Honestly, since the Diane Sawyer piece, every day it’s like, it’s exciting to go to the mailbox . . . Because I get letters every day from all of these people from all over the world. I’ve gotten a lot from trans women, and telling their story and telling how excited they were to see the Diane piece. And so for non-trans people, just regular people who watched the games and now they see this, they’re just so proud of you.
But I so appreciate those things. I mean, I read every one of them, a lot of them I answer; in fact, the other night I got a letter from a trans woman in New York and she had so many interesting things to say, but at the end she left her telephone number, so I called her.
How she hopes older generations will react to the piece.
Jenner: I hope they’re happy for me, O.K.? I hope that they all understand that life is very complicated. That [the gold medalist they remember] was me in 1976, I did that and I am extraordinarily proud of what I was able to accomplish. I make no excuses for it, but that was all of me that did that, it wasn’t just Bruce, it was all the things that—I was a dyslexic kid, I was suffering from gender dysphoria, I had all these other issues in life, but when I latched onto this thing called sports, I probably latched onto it harder than most kids did. Why? Because I needed that. Never knowing where I was going, but after years and years of playing the game and trying to prove my manhood, you know, next thing I knew I wasn’t trying to make my high-school team anymore, I was trying to be the best in the world at something. And this was my chance to go out there to the world and do something significant. And it became real important to me, and I put so much time and energy and work into this thing, and it was part of me. But it was all part of me: it was the dyslexic kid out there, it was the transgendered kid out there, it was Bruce out there, all these things, all the emotions were all—that’s what made me work so hard, that’s why I was more determined than anybody else. I went out there and did it. And I am extraordinarily proud of that. It wasn’t all of me, but for that moment, I can say I was the best in the world at that.
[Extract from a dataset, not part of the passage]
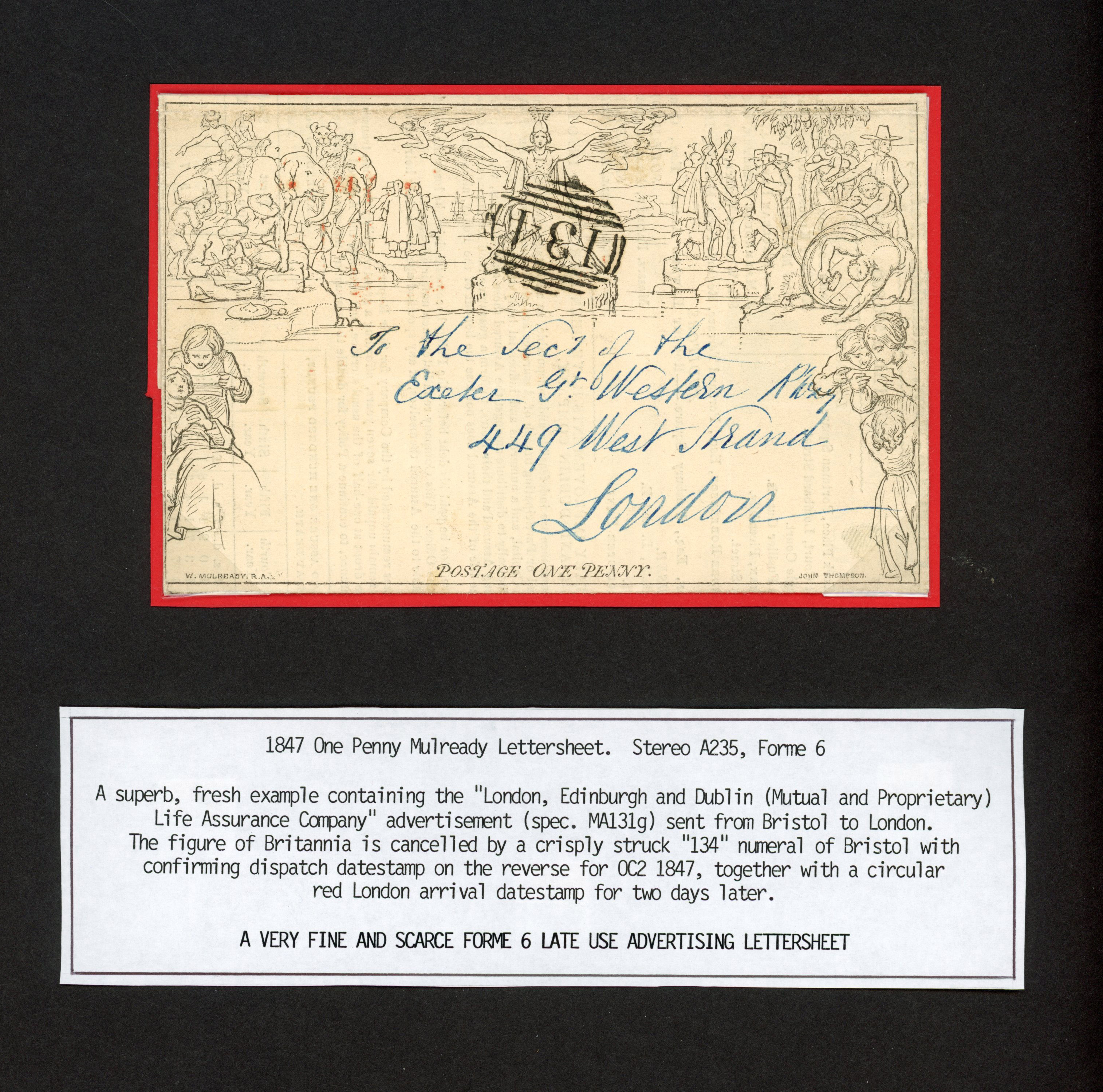 GB 1840 Mulready 1d lettersheet (Stereo A236, Forme 6) addressed to London used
On seeing “Caitlyn” all glammed up for the shoot.
Jenner: [During the shoot] I had this one time where I had not had a mirror behind me and they put this mirror up behind when I was doing this shoot. I had this rocking black outfit on, formal outfit, and I kind of, from a distance, looked in the mirror and I felt, Oh, my God. That’s the first time I’d ever really seen an image of me, of who I am. I mean over-the-top better than I thought it would ever be, especially at my age. You know, you think it’s kind of over with at that age. And seeing that image was powerful to me, you know, powerful. And I kind of looked at it and said, You know what, this is going to work, we’re going to be O.K. with this, you know. So yeah, we move forward. I am so excited about the future.